▶ **Exercise aim**
Set down the line containing "myCPE Courses - Approved" and each line after it through the last line of the records, exactly, leaving pictures out.

▶ **Data under study**
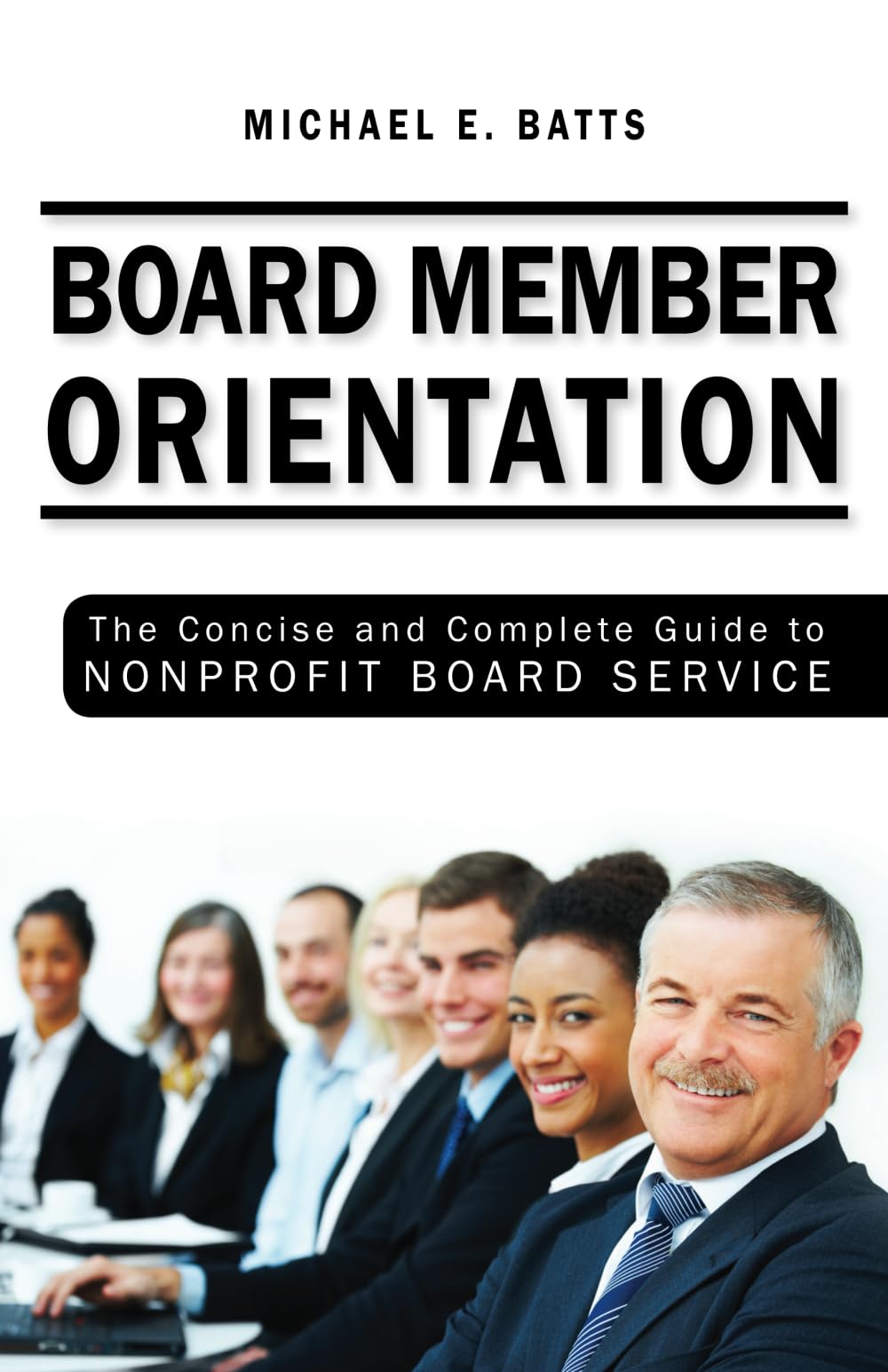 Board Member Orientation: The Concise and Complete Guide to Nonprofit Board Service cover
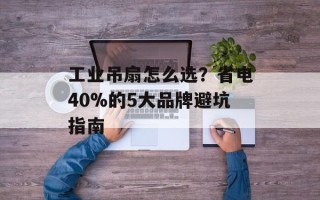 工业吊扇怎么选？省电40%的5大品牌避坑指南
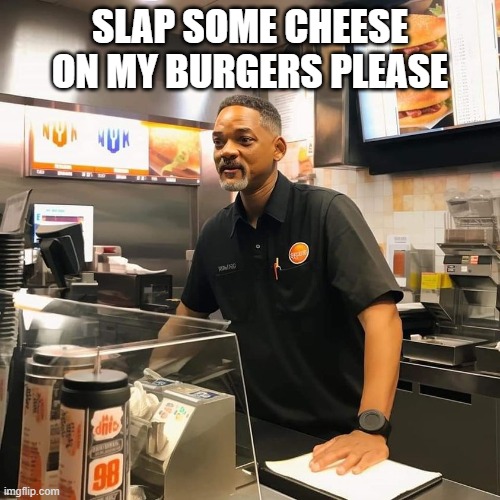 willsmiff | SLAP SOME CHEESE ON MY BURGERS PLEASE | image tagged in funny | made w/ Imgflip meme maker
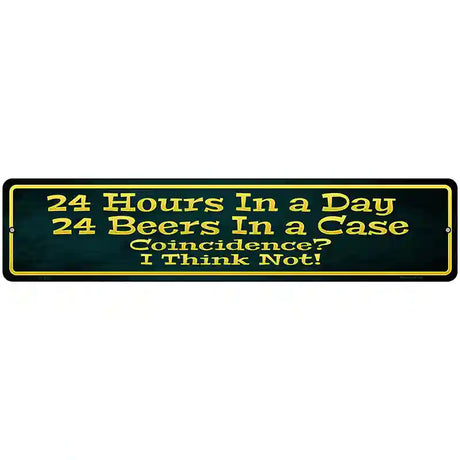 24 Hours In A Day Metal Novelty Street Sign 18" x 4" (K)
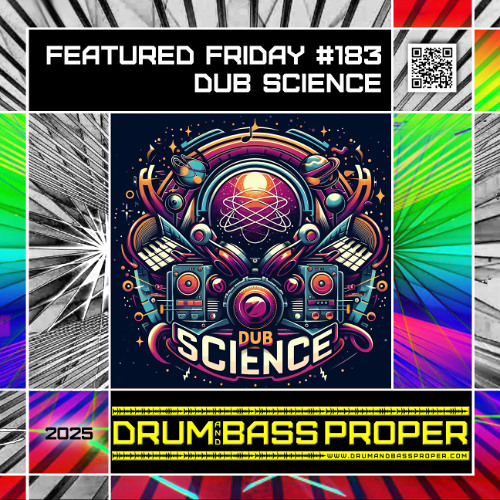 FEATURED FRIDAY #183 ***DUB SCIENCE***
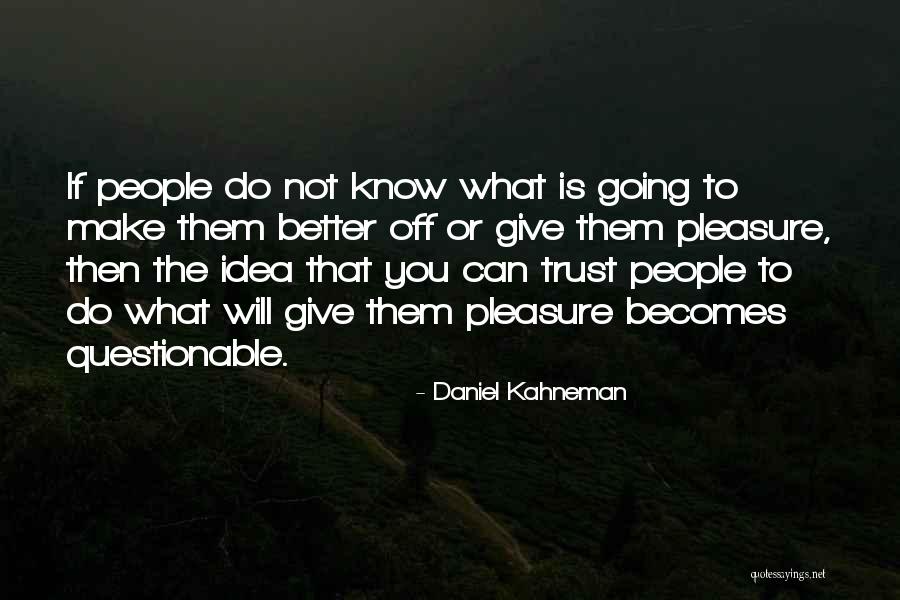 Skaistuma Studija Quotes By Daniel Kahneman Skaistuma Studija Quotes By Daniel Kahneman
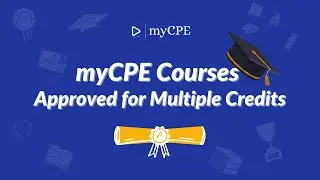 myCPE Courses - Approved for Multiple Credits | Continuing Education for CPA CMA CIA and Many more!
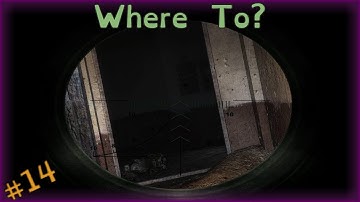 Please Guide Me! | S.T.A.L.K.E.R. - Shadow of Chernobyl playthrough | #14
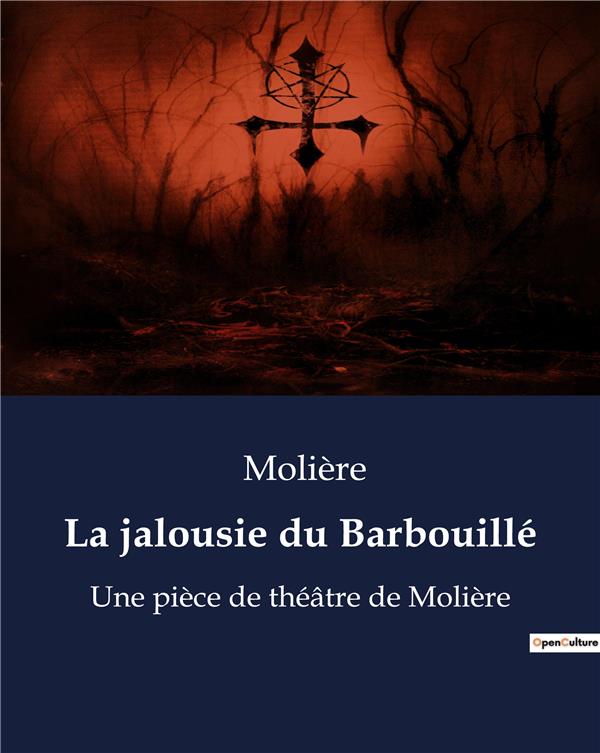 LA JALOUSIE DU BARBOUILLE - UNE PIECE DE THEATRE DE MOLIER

▶ **Exercise solution**
 myCPE Courses - Approved for Multiple Credits | Continuing Education for CPA CMA CIA and Many more!
 Please Guide Me! | S.T.A.L.K.E.R. - Shadow of Chernobyl playthrough | #14
 LA JALOUSIE DU BARBOUILLE - UNE PIECE DE THEATRE DE MOLIER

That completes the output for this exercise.